Global agreement on internet security premature: Bishop

An international agreement on internet security would be premature despite the need for a trans-border agreement to help minimise the potential damage done by state-sponsored online activity, according to Australian Foreign Minister Julie Bishop.
Written by Leon Spencer, Contributor

It would be premature to establish an international agreement on internet security, according to Australian Foreign Minister Julie Bishop.

This is despite the need for trans-border agreement on which sectors should remain "off-limits" to online activity by states that could damage or impair critical infrastructure, said Bishop at the Global Conference on Cyberspace in The Hague, the Netherlands.
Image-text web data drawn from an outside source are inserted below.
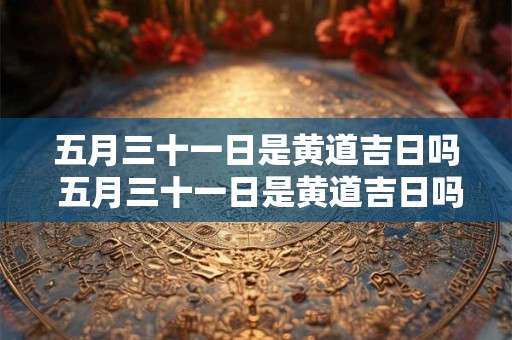 五月三十一日是黄道吉日吗 五月三十一日是黄道吉日吗为什么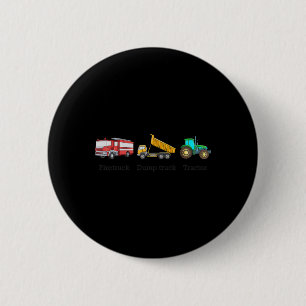 Feuerwehrwagen Kipper Traktor Subtil Anti Trump Button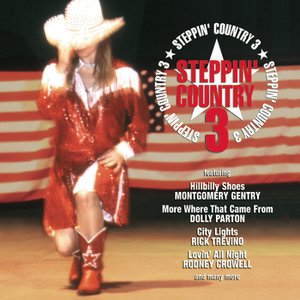 Steppin' Country Volume III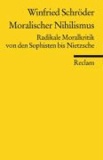 Moralischer Nihilismus - Radikale Moralkritik von den Sophisten bis Nietzsche.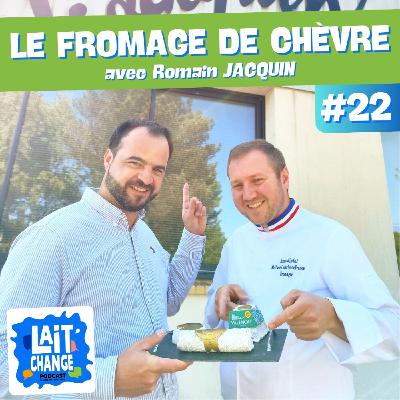 Lait'Change #22 - Producteur de fromage de Chèvre, entreprise familiale - avec Romain JACQUIN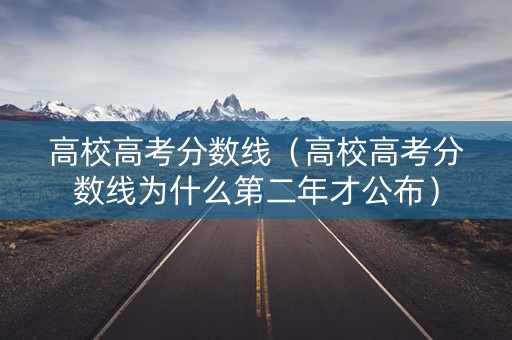 高校高考分数线（高校高考分数线为什么第二年才公布）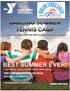 BEST SUMMER EVER! Friendship, Accomplishment, Belonging OF SOUTHERN NEVADA. lasvegasymca.org/camp. june 8 august 21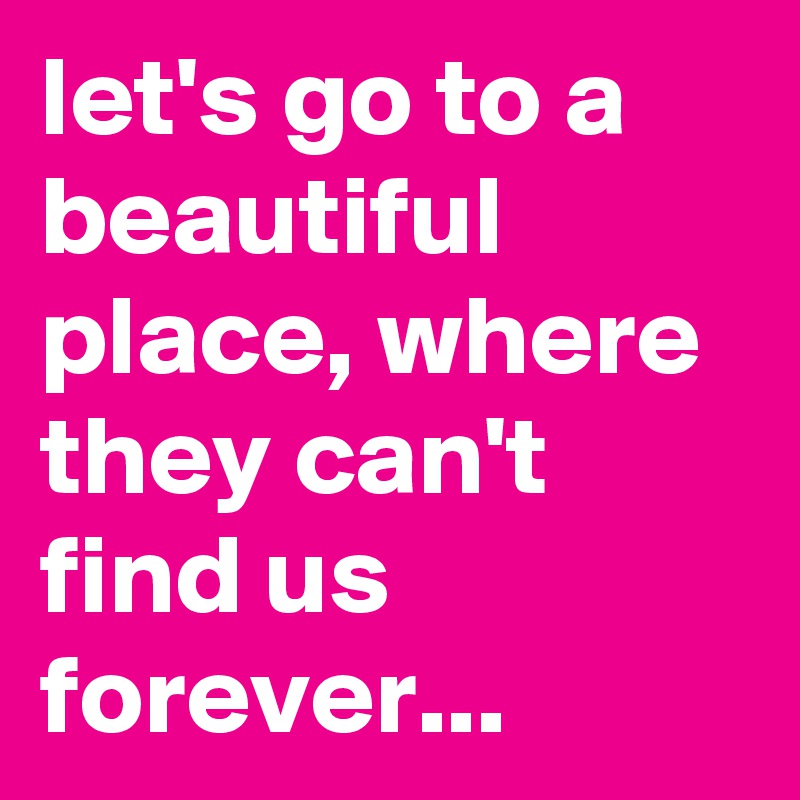 let's go to a beautiful place, where they can't find us forever...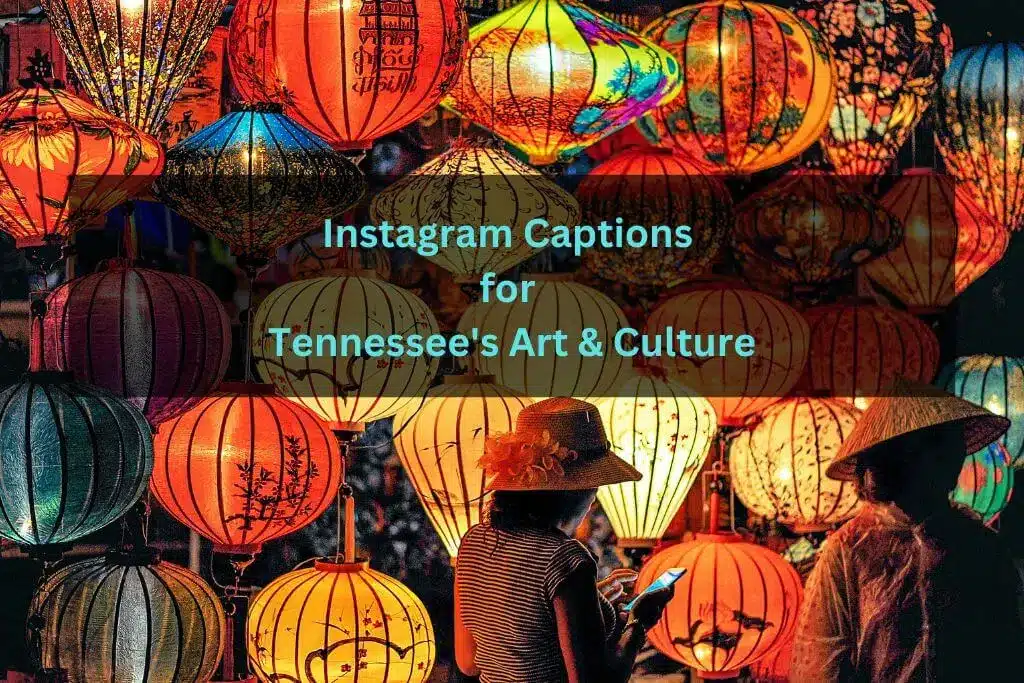 Instagram Captions for Tennessee's Art & Culture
"On taking forward international security within the overall cyberspace regime complex, it is often asserted that we need to conclude an international agreement of some kind on international security in cyberspace," said Bishop. "Australia argues that an international agreement is premature; even the work of codifying key principles is in its infancy -- the conversation has only just started, and the technology is evolving rapidly. It is a challenge for policy makers just to keep up."

Bishop made the comments in a statement during a panel discussion at the conference on Friday that also included United States Coordinator for State Department Christopher Painter, China's Ministry of Foreign Affairs Ambassador Chen Xu, and India Deputy National Security Advisor Arvind Gupta.

Bishop argued that although it is too early to come to an international agreement on internet security, it is in the interest of all states to help develop the internet as a platform for economic activity.

Without naming specific countries, Bishop said that some states do not share the international community's view that a country's behaviour on the internet should reflect the framework and principles of international law -- a necessary first step to a discussion of "norm building" in relation to international online security.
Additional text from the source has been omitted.